All lines from the opening of the entries below through the line containing "54 Linden Lane, Shirley, NY 11967" must be output exactly as they appear, with no other lines.

+ + + + +

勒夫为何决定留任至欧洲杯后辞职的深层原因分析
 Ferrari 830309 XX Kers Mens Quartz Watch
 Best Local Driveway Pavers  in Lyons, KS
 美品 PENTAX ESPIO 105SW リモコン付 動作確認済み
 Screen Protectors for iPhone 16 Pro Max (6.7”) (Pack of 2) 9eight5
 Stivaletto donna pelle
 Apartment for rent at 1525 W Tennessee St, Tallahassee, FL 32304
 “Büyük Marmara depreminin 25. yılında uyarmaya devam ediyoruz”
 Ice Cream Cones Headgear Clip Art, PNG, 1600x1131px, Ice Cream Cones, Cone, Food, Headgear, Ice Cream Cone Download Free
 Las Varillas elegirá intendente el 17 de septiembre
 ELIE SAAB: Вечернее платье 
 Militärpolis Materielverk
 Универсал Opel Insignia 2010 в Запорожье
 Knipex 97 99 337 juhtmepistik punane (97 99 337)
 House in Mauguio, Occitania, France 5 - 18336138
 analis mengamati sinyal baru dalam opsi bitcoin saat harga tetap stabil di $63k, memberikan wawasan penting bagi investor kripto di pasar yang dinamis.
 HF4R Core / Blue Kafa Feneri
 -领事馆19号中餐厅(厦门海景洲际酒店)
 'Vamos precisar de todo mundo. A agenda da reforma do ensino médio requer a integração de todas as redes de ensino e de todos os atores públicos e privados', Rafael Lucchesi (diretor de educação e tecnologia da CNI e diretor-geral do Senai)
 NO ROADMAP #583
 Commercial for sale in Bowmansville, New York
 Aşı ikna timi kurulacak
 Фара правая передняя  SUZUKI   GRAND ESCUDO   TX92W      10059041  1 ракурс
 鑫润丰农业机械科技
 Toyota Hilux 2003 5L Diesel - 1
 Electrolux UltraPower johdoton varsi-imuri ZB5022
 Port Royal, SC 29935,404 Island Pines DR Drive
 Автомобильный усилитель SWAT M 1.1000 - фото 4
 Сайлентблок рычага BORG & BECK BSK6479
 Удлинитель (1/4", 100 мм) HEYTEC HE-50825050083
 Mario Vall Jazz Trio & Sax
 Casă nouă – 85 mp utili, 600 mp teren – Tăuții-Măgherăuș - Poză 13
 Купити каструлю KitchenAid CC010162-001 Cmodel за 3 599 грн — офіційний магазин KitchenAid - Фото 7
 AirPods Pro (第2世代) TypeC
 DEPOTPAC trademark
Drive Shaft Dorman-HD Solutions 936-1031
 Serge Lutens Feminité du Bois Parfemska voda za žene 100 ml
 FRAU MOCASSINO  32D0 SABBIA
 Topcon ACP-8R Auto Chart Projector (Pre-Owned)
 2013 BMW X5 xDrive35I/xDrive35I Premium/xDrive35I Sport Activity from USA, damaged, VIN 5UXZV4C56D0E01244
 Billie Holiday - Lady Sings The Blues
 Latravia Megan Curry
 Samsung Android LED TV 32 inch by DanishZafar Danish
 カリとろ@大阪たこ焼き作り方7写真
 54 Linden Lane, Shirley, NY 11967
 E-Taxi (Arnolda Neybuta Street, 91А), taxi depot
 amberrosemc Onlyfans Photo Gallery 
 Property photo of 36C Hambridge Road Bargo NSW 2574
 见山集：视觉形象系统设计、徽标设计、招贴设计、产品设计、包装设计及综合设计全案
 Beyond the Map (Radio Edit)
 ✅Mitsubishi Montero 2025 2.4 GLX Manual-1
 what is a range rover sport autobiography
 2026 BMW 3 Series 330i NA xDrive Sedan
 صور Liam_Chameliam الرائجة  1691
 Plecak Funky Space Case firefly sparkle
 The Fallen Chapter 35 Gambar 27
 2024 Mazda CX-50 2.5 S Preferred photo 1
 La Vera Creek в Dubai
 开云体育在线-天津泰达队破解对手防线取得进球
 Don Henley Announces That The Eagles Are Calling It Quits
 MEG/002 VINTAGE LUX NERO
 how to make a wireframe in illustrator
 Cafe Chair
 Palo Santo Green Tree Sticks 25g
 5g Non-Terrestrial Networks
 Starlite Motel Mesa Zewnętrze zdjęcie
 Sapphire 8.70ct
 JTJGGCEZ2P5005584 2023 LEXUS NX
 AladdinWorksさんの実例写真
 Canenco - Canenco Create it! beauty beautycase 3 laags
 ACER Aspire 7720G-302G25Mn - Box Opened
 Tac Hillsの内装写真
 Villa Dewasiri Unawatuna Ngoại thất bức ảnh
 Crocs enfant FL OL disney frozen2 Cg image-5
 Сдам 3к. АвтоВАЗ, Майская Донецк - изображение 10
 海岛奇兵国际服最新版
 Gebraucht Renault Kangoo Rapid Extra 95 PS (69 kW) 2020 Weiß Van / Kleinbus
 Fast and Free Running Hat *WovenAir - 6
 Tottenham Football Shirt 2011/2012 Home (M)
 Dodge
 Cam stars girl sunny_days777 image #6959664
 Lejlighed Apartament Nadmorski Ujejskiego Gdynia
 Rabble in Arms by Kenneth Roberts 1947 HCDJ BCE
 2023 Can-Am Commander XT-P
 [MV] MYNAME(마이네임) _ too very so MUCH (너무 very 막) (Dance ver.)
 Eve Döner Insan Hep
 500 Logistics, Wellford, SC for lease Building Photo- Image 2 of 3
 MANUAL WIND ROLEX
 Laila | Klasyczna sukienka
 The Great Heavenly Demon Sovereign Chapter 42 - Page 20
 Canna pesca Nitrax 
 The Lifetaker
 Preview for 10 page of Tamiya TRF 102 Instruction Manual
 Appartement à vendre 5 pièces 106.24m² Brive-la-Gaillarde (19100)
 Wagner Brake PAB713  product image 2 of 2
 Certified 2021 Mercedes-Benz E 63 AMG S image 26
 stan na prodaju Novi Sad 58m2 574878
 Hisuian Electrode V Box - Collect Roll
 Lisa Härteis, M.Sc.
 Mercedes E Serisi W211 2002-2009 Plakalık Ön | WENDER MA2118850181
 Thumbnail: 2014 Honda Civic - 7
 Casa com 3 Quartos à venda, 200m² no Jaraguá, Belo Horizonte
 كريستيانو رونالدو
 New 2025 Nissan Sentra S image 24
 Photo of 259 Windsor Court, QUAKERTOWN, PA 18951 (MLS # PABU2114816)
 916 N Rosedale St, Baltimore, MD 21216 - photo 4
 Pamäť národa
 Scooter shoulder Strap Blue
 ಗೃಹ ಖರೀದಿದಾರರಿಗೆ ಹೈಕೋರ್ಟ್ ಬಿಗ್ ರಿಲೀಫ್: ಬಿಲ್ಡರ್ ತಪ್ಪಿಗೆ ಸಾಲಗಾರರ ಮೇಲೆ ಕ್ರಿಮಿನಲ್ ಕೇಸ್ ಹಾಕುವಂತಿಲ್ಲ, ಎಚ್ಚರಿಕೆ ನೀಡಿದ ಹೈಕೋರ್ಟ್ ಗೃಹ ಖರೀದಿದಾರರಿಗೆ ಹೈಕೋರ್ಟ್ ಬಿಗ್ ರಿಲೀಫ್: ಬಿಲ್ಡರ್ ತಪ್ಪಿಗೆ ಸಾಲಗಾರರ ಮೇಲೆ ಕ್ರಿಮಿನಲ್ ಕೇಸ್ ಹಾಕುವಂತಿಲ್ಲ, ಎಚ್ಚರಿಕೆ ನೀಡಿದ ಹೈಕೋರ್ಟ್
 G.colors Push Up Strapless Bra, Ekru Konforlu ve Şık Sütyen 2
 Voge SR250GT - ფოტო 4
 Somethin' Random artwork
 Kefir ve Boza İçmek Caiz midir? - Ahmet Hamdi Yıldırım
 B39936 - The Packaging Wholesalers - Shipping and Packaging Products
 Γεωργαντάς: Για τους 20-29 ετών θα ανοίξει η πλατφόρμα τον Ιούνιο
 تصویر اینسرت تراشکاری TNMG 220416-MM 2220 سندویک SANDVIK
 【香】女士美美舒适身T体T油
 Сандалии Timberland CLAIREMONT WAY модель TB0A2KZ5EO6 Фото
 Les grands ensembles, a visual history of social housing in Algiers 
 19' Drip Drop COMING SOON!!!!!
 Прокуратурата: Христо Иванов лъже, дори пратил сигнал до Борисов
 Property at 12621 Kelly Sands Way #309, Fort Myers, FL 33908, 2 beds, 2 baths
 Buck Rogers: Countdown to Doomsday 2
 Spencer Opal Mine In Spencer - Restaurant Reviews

+ + + + +

- [The completed task]
勒夫为何决定留任至欧洲杯后辞职的深层原因分析
 Ferrari 830309 XX Kers Mens Quartz Watch
 Best Local Driveway Pavers  in Lyons, KS
 美品 PENTAX ESPIO 105SW リモコン付 動作確認済み
 Screen Protectors for iPhone 16 Pro Max (6.7”) (Pack of 2) 9eight5
 Stivaletto donna pelle
 Apartment for rent at 1525 W Tennessee St, Tallahassee, FL 32304
 “Büyük Marmara depreminin 25. yılında uyarmaya devam ediyoruz”
 Ice Cream Cones Headgear Clip Art, PNG, 1600x1131px, Ice Cream Cones, Cone, Food, Headgear, Ice Cream Cone Download Free
 Las Varillas elegirá intendente el 17 de septiembre
 ELIE SAAB: Вечернее платье 
 Militärpolis Materielverk
 Универсал Opel Insignia 2010 в Запорожье
 Knipex 97 99 337 juhtmepistik punane (97 99 337)
 House in Mauguio, Occitania, France 5 - 18336138
 analis mengamati sinyal baru dalam opsi bitcoin saat harga tetap stabil di $63k, memberikan wawasan penting bagi investor kripto di pasar yang dinamis.
 HF4R Core / Blue Kafa Feneri
 -领事馆19号中餐厅(厦门海景洲际酒店)
 'Vamos precisar de todo mundo. A agenda da reforma do ensino médio requer a integração de todas as redes de ensino e de todos os atores públicos e privados', Rafael Lucchesi (diretor de educação e tecnologia da CNI e diretor-geral do Senai)
 NO ROADMAP #583
 Commercial for sale in Bowmansville, New York
 Aşı ikna timi kurulacak
 Фара правая передняя  SUZUKI   GRAND ESCUDO   TX92W      10059041  1 ракурс
 鑫润丰农业机械科技
 Toyota Hilux 2003 5L Diesel - 1
 Electrolux UltraPower johdoton varsi-imuri ZB5022
 Port Royal, SC 29935,404 Island Pines DR Drive
 Автомобильный усилитель SWAT M 1.1000 - фото 4
 Сайлентблок рычага BORG & BECK BSK6479
 Удлинитель (1/4", 100 мм) HEYTEC HE-50825050083
 Mario Vall Jazz Trio & Sax
 Casă nouă – 85 mp utili, 600 mp teren – Tăuții-Măgherăuș - Poză 13
 Купити каструлю KitchenAid CC010162-001 Cmodel за 3 599 грн — офіційний магазин KitchenAid - Фото 7
 AirPods Pro (第2世代) TypeC
 DEPOTPAC trademark
Drive Shaft Dorman-HD Solutions 936-1031
 Serge Lutens Feminité du Bois Parfemska voda za žene 100 ml
 FRAU MOCASSINO  32D0 SABBIA
 Topcon ACP-8R Auto Chart Projector (Pre-Owned)
 2013 BMW X5 xDrive35I/xDrive35I Premium/xDrive35I Sport Activity from USA, damaged, VIN 5UXZV4C56D0E01244
 Billie Holiday - Lady Sings The Blues
 Latravia Megan Curry
 Samsung Android LED TV 32 inch by DanishZafar Danish
 カリとろ@大阪たこ焼き作り方7写真
 54 Linden Lane, Shirley, NY 11967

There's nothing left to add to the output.